[Start of section]
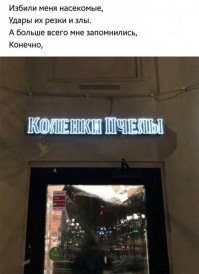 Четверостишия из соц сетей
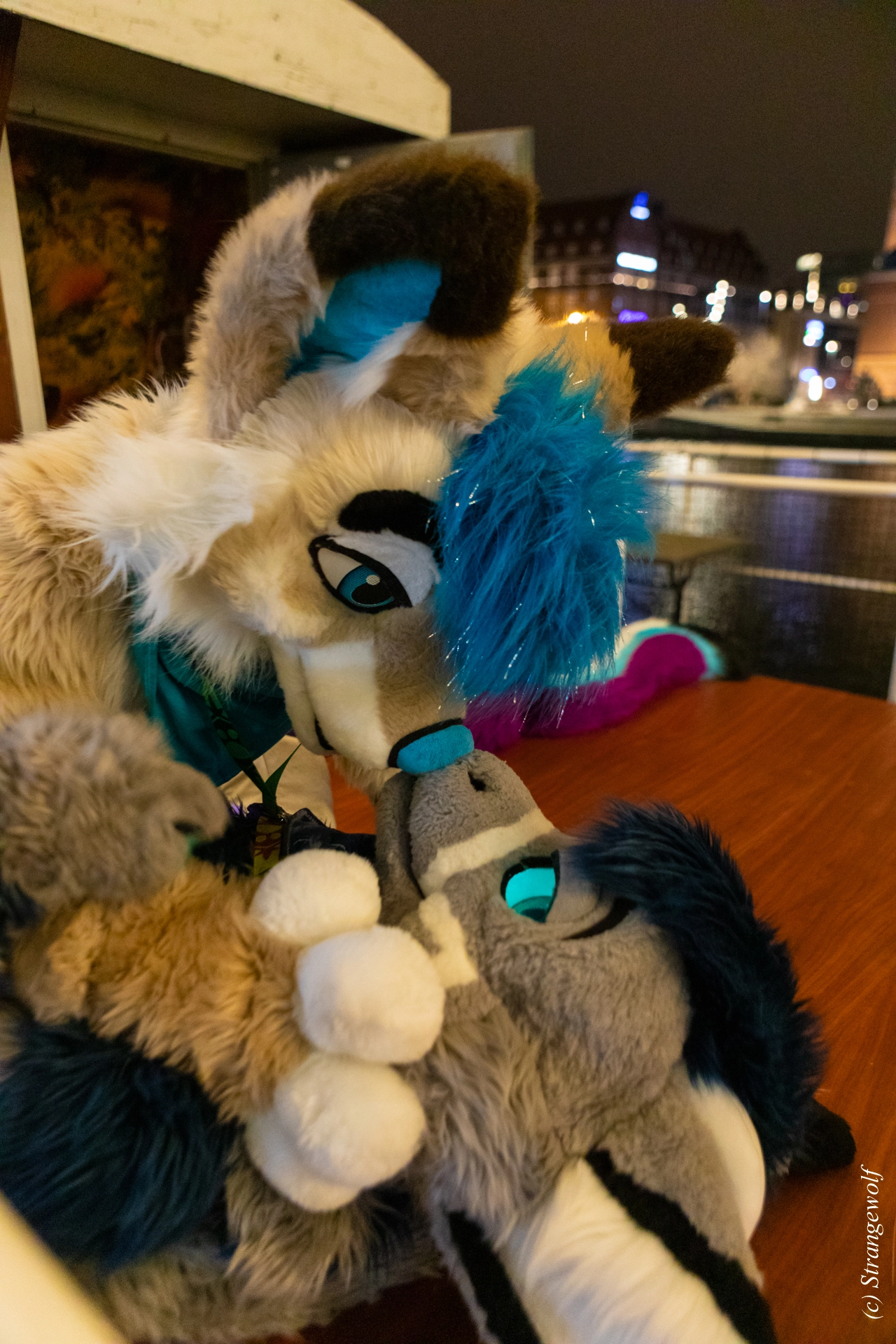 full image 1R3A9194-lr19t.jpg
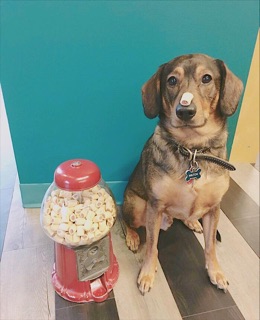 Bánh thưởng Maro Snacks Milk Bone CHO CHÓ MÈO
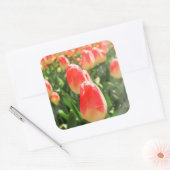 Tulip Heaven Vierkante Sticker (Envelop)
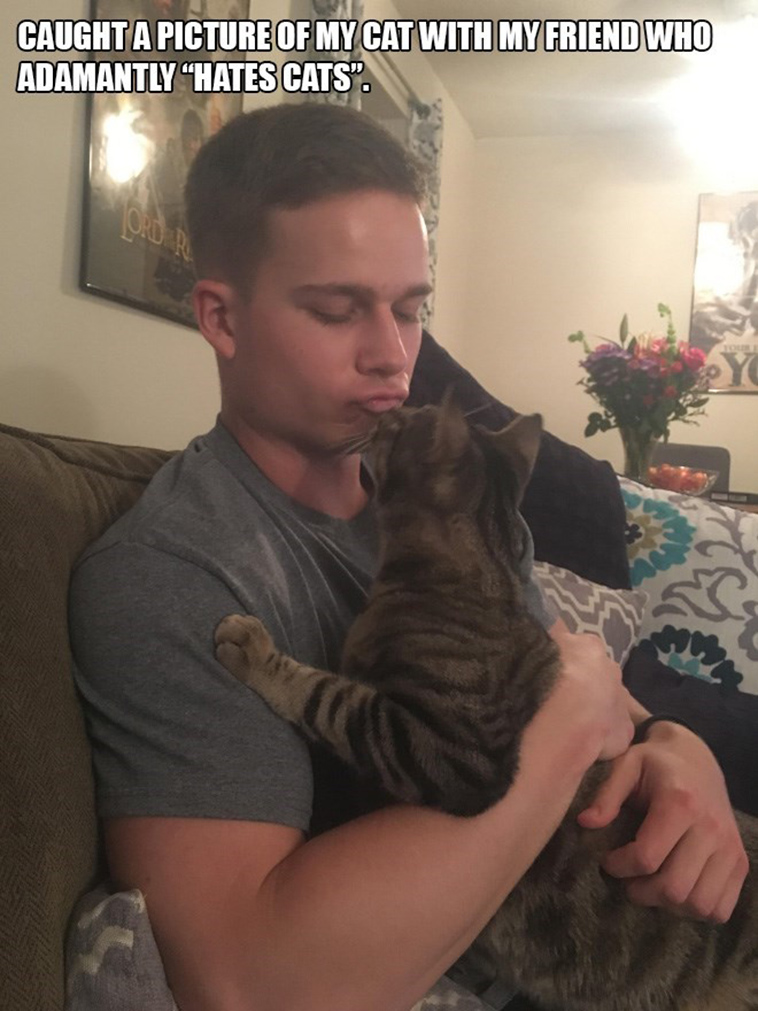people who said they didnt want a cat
[End of section]
[Start of section]
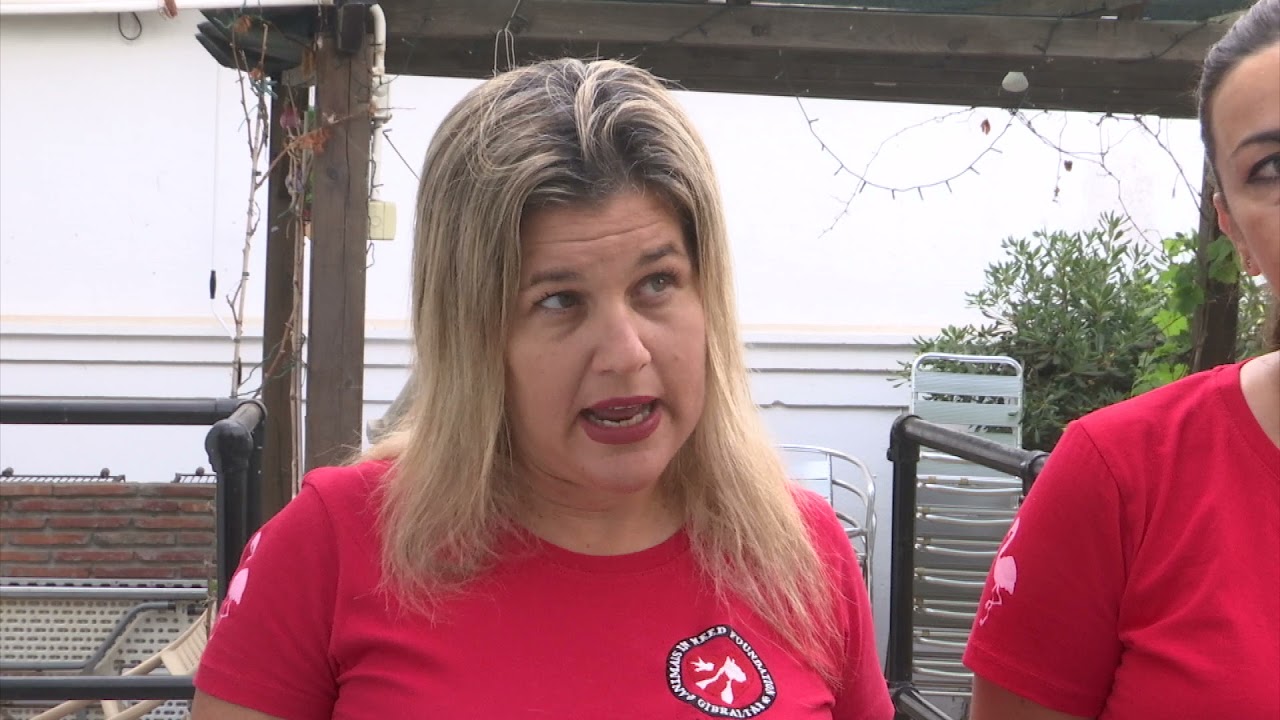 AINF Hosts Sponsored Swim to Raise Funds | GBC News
[End of section]
# PROBLEM
Reproduce the data above exactly, but only from the line containing "Tulip Heaven Vierkante Sticker (Envelop)" through the line containing "people who said they didnt want a cat". Omit all pictures.

# EXERCISE RESULT
 Tulip Heaven Vierkante Sticker (Envelop)
people who said they didnt want a cat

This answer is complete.